Work to be completed:
Every line from the one containing "Four Letters of Love Pierce Brosnan Coat" to the end of the records below must be copied exactly, and no pictures may be included.

Material provided:
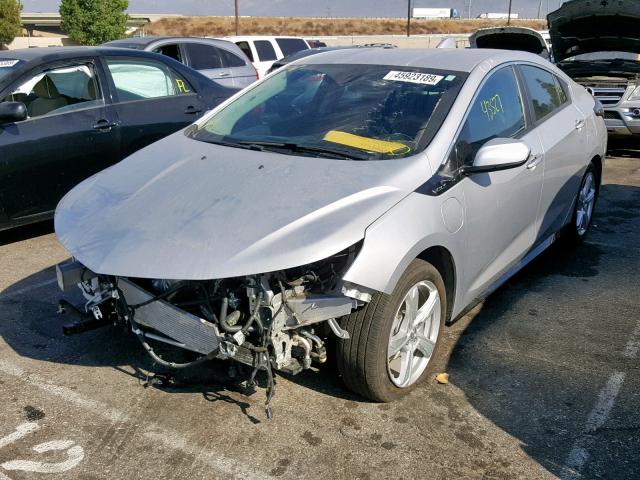 VIN 1G1RC6S56GU119841 2016 Chevrolet Volt, LT no.2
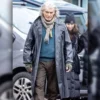 Four Letters of Love Pierce Brosnan Coat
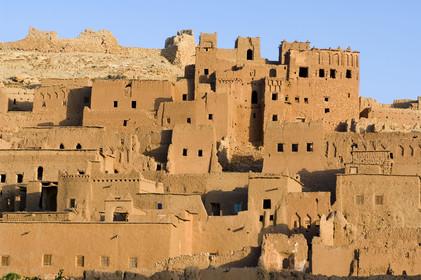 Maroc, Ait Benhaddou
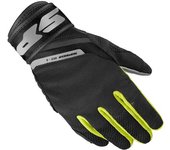 Spidi Neo-S Guantes de moto - Negro Amarillo (3XL)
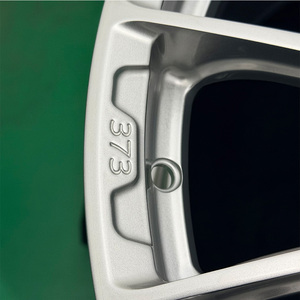 Nuevas llantas forjadas de venta directa de fábrica 5x112 19x10.5 19x9 con revestimiento plateado, radios múltiples, de una pieza, de aleación de aluminio para <span class=keywords><strong>Mercedes</strong></span> S550 <span class=keywords><strong>Coupé</strong></span> - Product Image 6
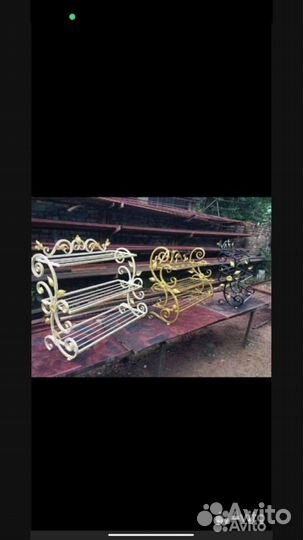 Обувница вешалка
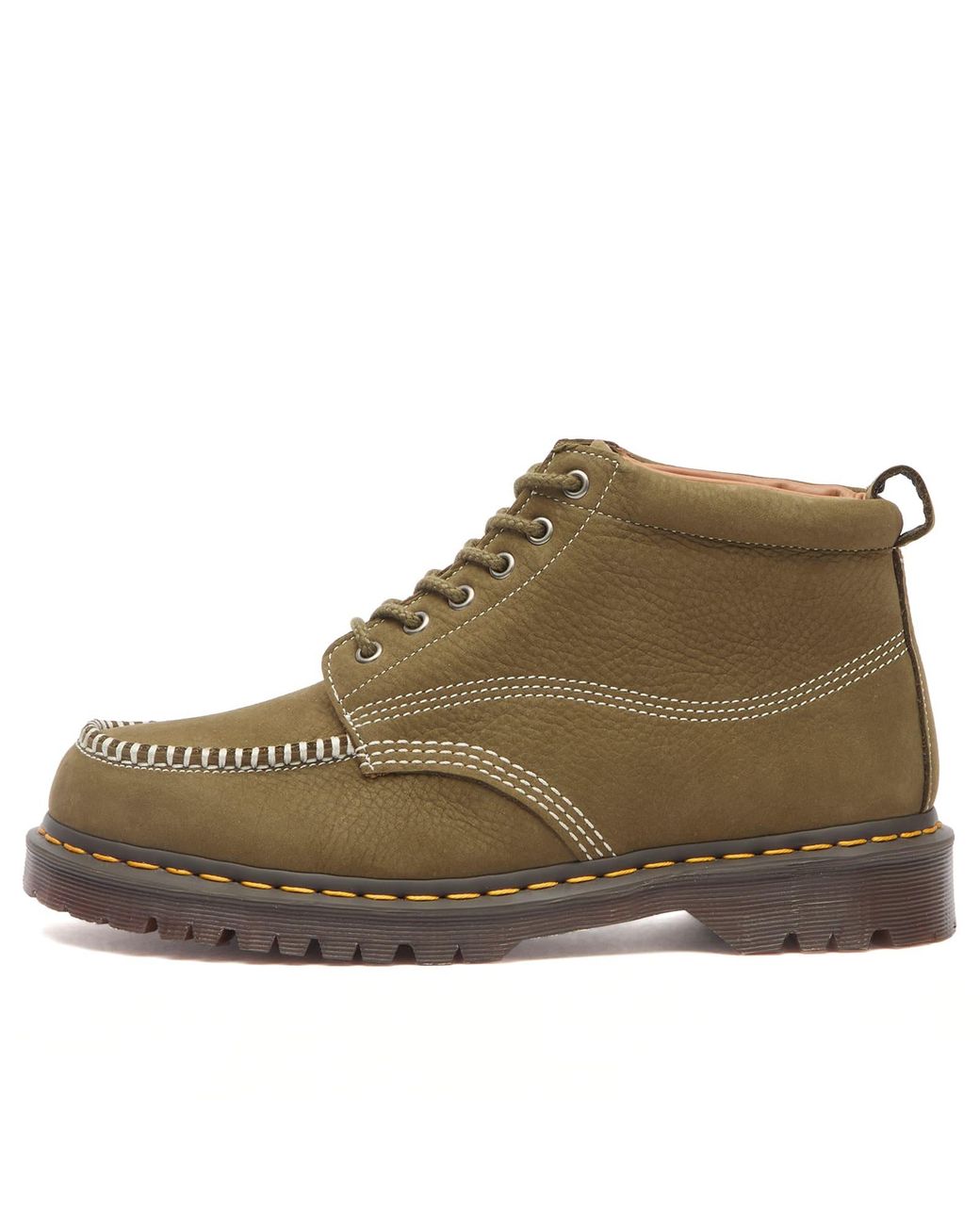 Dr. Martens Brown Lowell Chukka Boot for men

Answer to this exercise:
 Four Letters of Love Pierce Brosnan Coat
 Maroc, Ait Benhaddou
 Spidi Neo-S Guantes de moto - Negro Amarillo (3XL)
 Nuevas llantas forjadas de venta directa de fábrica 5x112 19x10.5 19x9 con revestimiento plateado, radios múltiples, de una pieza, de aleación de aluminio para <span class=keywords><strong>Mercedes</strong></span> S550 <span class=keywords><strong>Coupé</strong></span> - Product Image 6
 Обувница вешалка
 Dr. Martens Brown Lowell Chukka Boot for men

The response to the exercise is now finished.